Objective: Clinical course and prognosis at one year of a LBWI cohort cared in a ambulatory kangaroo mother care program (KMCP) according to health care insurances: Private prepaid plan (high income- HI) Contributive plan (middle and low-MLI) and subsidized plan (very low-VLI).Methods: Prospective LBWI cohort discharged in a KMCP with follow-up until 12 months to determine survival, growth, development and morbidity. Same guidelines were implemented in all types of health care insurance.Results: On 6889 infants admitted: 4% were from HI, 90% from MLI and 6% from VLI plans.

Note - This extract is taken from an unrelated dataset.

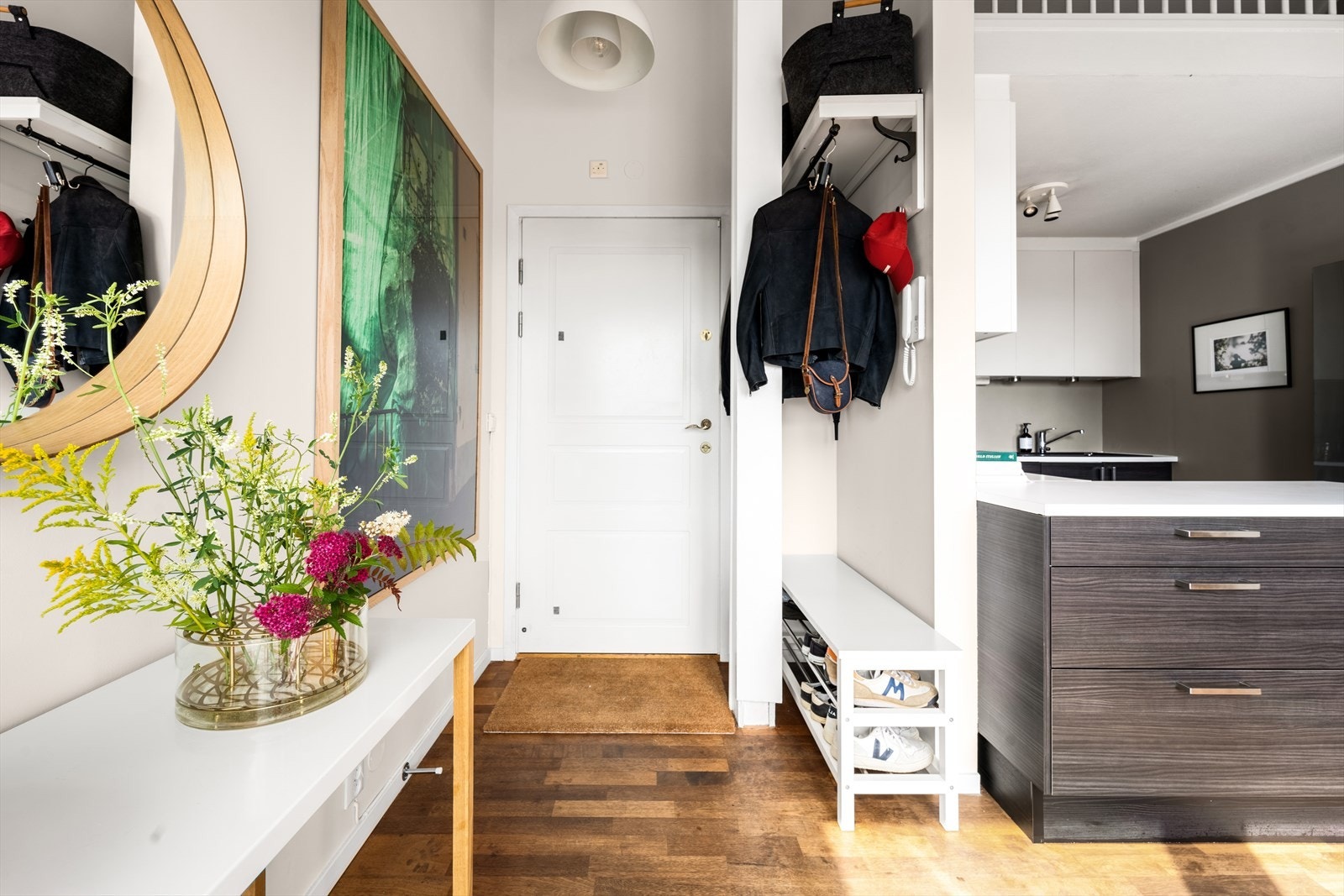 Velkommen til visning! Galleribilde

Overall mortality was 1.6% for the three groups. While 100% of deaths for HI infants occur during hospitalization, 24% and 45.5% in MLI and VLI groups were at home. Frequency of infectious diseases was markedly increased in VLI (25.8% in HI vs. 50% in VLI). Nearly half of patients in MLI and VLI received exclusive breastfeeding up to term versus 4.6% in HI. Weight, length and head circumference at birth and at one year of corrected age didn't show great variation between groups. Cerebral palsy at one year was increased in VLI group: 3.5% vs.1.8% in HI and 1.3% in MLI. Mean developmental coefficient at 12 months didn't show variation between groups.Conclusion: Results of KMC implementation are similar independently of the type of health care insurance. Mortality and anthropometric indices during follow up were the same, but morbidity was increased in VLI group. KMC rules rigorously applied provide same benefits to all LBWI in Colombia regardless of socio economic level.